(Data for the task Opens)

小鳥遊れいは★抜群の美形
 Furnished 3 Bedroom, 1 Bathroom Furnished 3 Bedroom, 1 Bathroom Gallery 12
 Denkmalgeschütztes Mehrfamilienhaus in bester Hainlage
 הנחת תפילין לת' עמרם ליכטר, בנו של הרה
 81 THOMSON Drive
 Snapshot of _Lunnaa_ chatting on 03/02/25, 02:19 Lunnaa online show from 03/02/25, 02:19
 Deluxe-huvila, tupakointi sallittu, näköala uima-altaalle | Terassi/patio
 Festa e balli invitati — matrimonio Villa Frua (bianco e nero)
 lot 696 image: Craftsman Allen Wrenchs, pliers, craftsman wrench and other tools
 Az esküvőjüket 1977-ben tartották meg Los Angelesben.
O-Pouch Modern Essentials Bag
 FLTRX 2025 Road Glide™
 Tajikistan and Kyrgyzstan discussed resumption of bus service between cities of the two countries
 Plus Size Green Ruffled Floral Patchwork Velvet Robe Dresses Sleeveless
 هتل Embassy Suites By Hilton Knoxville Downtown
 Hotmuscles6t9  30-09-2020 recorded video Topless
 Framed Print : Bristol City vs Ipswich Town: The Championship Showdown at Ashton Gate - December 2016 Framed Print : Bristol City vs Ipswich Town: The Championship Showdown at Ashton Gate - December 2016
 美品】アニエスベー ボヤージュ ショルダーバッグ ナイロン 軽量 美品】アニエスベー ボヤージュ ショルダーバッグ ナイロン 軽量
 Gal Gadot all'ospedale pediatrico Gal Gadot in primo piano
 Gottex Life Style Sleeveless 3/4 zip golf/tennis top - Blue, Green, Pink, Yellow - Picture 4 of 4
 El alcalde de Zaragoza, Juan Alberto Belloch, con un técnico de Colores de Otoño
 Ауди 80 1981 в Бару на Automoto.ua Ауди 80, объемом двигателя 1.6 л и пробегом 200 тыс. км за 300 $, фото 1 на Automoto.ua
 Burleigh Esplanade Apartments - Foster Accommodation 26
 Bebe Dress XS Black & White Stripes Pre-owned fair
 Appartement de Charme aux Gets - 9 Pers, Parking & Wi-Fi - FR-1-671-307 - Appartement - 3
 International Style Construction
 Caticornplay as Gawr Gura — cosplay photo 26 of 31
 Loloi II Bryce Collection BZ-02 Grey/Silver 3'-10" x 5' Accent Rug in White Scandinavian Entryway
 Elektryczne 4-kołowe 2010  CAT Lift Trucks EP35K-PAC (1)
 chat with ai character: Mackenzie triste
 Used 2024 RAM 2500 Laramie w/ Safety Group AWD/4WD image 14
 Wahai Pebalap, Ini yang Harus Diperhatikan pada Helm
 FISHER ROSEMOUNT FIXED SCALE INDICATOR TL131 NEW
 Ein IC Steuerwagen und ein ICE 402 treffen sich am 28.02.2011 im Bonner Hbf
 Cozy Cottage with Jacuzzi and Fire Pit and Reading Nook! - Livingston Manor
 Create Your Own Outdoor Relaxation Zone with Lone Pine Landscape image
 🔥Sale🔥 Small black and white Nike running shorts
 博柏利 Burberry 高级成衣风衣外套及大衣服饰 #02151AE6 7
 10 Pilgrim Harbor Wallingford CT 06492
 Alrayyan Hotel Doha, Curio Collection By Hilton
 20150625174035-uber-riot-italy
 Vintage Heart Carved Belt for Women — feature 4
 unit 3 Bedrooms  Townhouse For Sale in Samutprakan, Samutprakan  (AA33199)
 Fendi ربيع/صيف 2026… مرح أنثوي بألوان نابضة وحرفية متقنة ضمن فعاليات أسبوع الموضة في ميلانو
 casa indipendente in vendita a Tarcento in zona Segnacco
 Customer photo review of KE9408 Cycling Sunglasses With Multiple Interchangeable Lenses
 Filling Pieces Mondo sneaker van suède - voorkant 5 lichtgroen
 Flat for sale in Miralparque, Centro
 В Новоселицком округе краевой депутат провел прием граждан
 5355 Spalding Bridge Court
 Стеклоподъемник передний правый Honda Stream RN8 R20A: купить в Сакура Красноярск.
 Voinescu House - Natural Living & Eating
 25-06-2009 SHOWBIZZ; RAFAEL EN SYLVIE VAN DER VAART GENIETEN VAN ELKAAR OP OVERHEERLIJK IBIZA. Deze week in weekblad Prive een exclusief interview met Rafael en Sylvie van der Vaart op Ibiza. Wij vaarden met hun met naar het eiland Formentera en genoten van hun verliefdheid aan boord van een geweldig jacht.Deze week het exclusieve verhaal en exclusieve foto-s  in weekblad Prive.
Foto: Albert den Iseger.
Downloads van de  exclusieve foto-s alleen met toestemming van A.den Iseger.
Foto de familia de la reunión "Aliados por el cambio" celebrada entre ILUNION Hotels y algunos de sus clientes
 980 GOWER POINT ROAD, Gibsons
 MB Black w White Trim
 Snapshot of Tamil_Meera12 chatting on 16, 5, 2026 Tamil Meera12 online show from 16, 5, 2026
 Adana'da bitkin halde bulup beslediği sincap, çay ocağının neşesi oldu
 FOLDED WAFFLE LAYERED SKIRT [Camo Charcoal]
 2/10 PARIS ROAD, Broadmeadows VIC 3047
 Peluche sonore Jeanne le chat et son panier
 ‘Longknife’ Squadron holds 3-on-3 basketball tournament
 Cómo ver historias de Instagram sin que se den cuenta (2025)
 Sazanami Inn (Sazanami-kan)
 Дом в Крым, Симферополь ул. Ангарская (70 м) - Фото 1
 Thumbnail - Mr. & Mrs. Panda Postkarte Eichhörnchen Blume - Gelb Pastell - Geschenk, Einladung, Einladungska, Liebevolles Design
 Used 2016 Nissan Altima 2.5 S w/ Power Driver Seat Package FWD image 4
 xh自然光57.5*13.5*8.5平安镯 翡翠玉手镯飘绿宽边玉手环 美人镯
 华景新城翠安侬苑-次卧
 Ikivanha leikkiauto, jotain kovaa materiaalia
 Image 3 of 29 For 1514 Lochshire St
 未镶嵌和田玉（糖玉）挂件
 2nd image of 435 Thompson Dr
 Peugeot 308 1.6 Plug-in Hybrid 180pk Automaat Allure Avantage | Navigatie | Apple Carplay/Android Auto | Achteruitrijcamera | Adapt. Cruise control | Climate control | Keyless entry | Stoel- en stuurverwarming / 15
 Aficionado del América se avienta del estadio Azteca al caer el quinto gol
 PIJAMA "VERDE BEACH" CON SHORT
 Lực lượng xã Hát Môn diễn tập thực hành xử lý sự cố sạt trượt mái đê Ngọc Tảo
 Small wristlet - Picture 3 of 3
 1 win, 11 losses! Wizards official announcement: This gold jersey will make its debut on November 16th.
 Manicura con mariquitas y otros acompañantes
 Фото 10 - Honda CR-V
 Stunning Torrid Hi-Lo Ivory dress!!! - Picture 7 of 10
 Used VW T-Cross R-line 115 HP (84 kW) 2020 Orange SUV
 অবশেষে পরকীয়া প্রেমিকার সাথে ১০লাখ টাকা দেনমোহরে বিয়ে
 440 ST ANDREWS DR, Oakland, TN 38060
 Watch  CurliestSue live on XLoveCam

(Data for the task Closes)

> Exercise aim: Copy the records above, keeping each line identical.

> Solution:
小鳥遊れいは★抜群の美形
 Furnished 3 Bedroom, 1 Bathroom Furnished 3 Bedroom, 1 Bathroom Gallery 12
 Denkmalgeschütztes Mehrfamilienhaus in bester Hainlage
 הנחת תפילין לת' עמרם ליכטר, בנו של הרה
 81 THOMSON Drive
 Snapshot of _Lunnaa_ chatting on 03/02/25, 02:19 Lunnaa online show from 03/02/25, 02:19
 Deluxe-huvila, tupakointi sallittu, näköala uima-altaalle | Terassi/patio
 Festa e balli invitati — matrimonio Villa Frua (bianco e nero)
 lot 696 image: Craftsman Allen Wrenchs, pliers, craftsman wrench and other tools
 Az esküvőjüket 1977-ben tartották meg Los Angelesben.
O-Pouch Modern Essentials Bag
 FLTRX 2025 Road Glide™
 Tajikistan and Kyrgyzstan discussed resumption of bus service between cities of the two countries
 Plus Size Green Ruffled Floral Patchwork Velvet Robe Dresses Sleeveless
 هتل Embassy Suites By Hilton Knoxville Downtown
 Hotmuscles6t9  30-09-2020 recorded video Topless
 Framed Print : Bristol City vs Ipswich Town: The Championship Showdown at Ashton Gate - December 2016 Framed Print : Bristol City vs Ipswich Town: The Championship Showdown at Ashton Gate - December 2016
 美品】アニエスベー ボヤージュ ショルダーバッグ ナイロン 軽量 美品】アニエスベー ボヤージュ ショルダーバッグ ナイロン 軽量
 Gal Gadot all'ospedale pediatrico Gal Gadot in primo piano
 Gottex Life Style Sleeveless 3/4 zip golf/tennis top - Blue, Green, Pink, Yellow - Picture 4 of 4
 El alcalde de Zaragoza, Juan Alberto Belloch, con un técnico de Colores de Otoño
 Ауди 80 1981 в Бару на Automoto.ua Ауди 80, объемом двигателя 1.6 л и пробегом 200 тыс. км за 300 $, фото 1 на Automoto.ua
 Burleigh Esplanade Apartments - Foster Accommodation 26
 Bebe Dress XS Black & White Stripes Pre-owned fair
 Appartement de Charme aux Gets - 9 Pers, Parking & Wi-Fi - FR-1-671-307 - Appartement - 3
 International Style Construction
 Caticornplay as Gawr Gura — cosplay photo 26 of 31
 Loloi II Bryce Collection BZ-02 Grey/Silver 3'-10" x 5' Accent Rug in White Scandinavian Entryway
 Elektryczne 4-kołowe 2010  CAT Lift Trucks EP35K-PAC (1)
 chat with ai character: Mackenzie triste
 Used 2024 RAM 2500 Laramie w/ Safety Group AWD/4WD image 14
 Wahai Pebalap, Ini yang Harus Diperhatikan pada Helm
 FISHER ROSEMOUNT FIXED SCALE INDICATOR TL131 NEW
 Ein IC Steuerwagen und ein ICE 402 treffen sich am 28.02.2011 im Bonner Hbf
 Cozy Cottage with Jacuzzi and Fire Pit and Reading Nook! - Livingston Manor
 Create Your Own Outdoor Relaxation Zone with Lone Pine Landscape image
 🔥Sale🔥 Small black and white Nike running shorts
 博柏利 Burberry 高级成衣风衣外套及大衣服饰 #02151AE6 7
 10 Pilgrim Harbor Wallingford CT 06492
 Alrayyan Hotel Doha, Curio Collection By Hilton
 20150625174035-uber-riot-italy
 Vintage Heart Carved Belt for Women — feature 4
 unit 3 Bedrooms  Townhouse For Sale in Samutprakan, Samutprakan  (AA33199)
 Fendi ربيع/صيف 2026… مرح أنثوي بألوان نابضة وحرفية متقنة ضمن فعاليات أسبوع الموضة في ميلانو
 casa indipendente in vendita a Tarcento in zona Segnacco
 Customer photo review of KE9408 Cycling Sunglasses With Multiple Interchangeable Lenses
 Filling Pieces Mondo sneaker van suède - voorkant 5 lichtgroen
 Flat for sale in Miralparque, Centro
 В Новоселицком округе краевой депутат провел прием граждан
 5355 Spalding Bridge Court
 Стеклоподъемник передний правый Honda Stream RN8 R20A: купить в Сакура Красноярск.
 Voinescu House - Natural Living & Eating
 25-06-2009 SHOWBIZZ; RAFAEL EN SYLVIE VAN DER VAART GENIETEN VAN ELKAAR OP OVERHEERLIJK IBIZA. Deze week in weekblad Prive een exclusief interview met Rafael en Sylvie van der Vaart op Ibiza. Wij vaarden met hun met naar het eiland Formentera en genoten van hun verliefdheid aan boord van een geweldig jacht.Deze week het exclusieve verhaal en exclusieve foto-s  in weekblad Prive.
Foto: Albert den Iseger.
Downloads van de  exclusieve foto-s alleen met toestemming van A.den Iseger.
Foto de familia de la reunión "Aliados por el cambio" celebrada entre ILUNION Hotels y algunos de sus clientes
 980 GOWER POINT ROAD, Gibsons
 MB Black w White Trim
 Snapshot of Tamil_Meera12 chatting on 16, 5, 2026 Tamil Meera12 online show from 16, 5, 2026
 Adana'da bitkin halde bulup beslediği sincap, çay ocağının neşesi oldu
 FOLDED WAFFLE LAYERED SKIRT [Camo Charcoal]
 2/10 PARIS ROAD, Broadmeadows VIC 3047
 Peluche sonore Jeanne le chat et son panier
 ‘Longknife’ Squadron holds 3-on-3 basketball tournament
 Cómo ver historias de Instagram sin que se den cuenta (2025)
 Sazanami Inn (Sazanami-kan)
 Дом в Крым, Симферополь ул. Ангарская (70 м) - Фото 1
 Thumbnail - Mr. & Mrs. Panda Postkarte Eichhörnchen Blume - Gelb Pastell - Geschenk, Einladung, Einladungska, Liebevolles Design
 Used 2016 Nissan Altima 2.5 S w/ Power Driver Seat Package FWD image 4
 xh自然光57.5*13.5*8.5平安镯 翡翠玉手镯飘绿宽边玉手环 美人镯
 华景新城翠安侬苑-次卧
 Ikivanha leikkiauto, jotain kovaa materiaalia
 Image 3 of 29 For 1514 Lochshire St
 未镶嵌和田玉（糖玉）挂件
 2nd image of 435 Thompson Dr
 Peugeot 308 1.6 Plug-in Hybrid 180pk Automaat Allure Avantage | Navigatie | Apple Carplay/Android Auto | Achteruitrijcamera | Adapt. Cruise control | Climate control | Keyless entry | Stoel- en stuurverwarming / 15
 Aficionado del América se avienta del estadio Azteca al caer el quinto gol
 PIJAMA "VERDE BEACH" CON SHORT
 Lực lượng xã Hát Môn diễn tập thực hành xử lý sự cố sạt trượt mái đê Ngọc Tảo
 Small wristlet - Picture 3 of 3
 1 win, 11 losses! Wizards official announcement: This gold jersey will make its debut on November 16th.
 Manicura con mariquitas y otros acompañantes
 Фото 10 - Honda CR-V
 Stunning Torrid Hi-Lo Ivory dress!!! - Picture 7 of 10
 Used VW T-Cross R-line 115 HP (84 kW) 2020 Orange SUV
 অবশেষে পরকীয়া প্রেমিকার সাথে ১০লাখ টাকা দেনমোহরে বিয়ে
 440 ST ANDREWS DR, Oakland, TN 38060
 Watch  CurliestSue live on XLoveCam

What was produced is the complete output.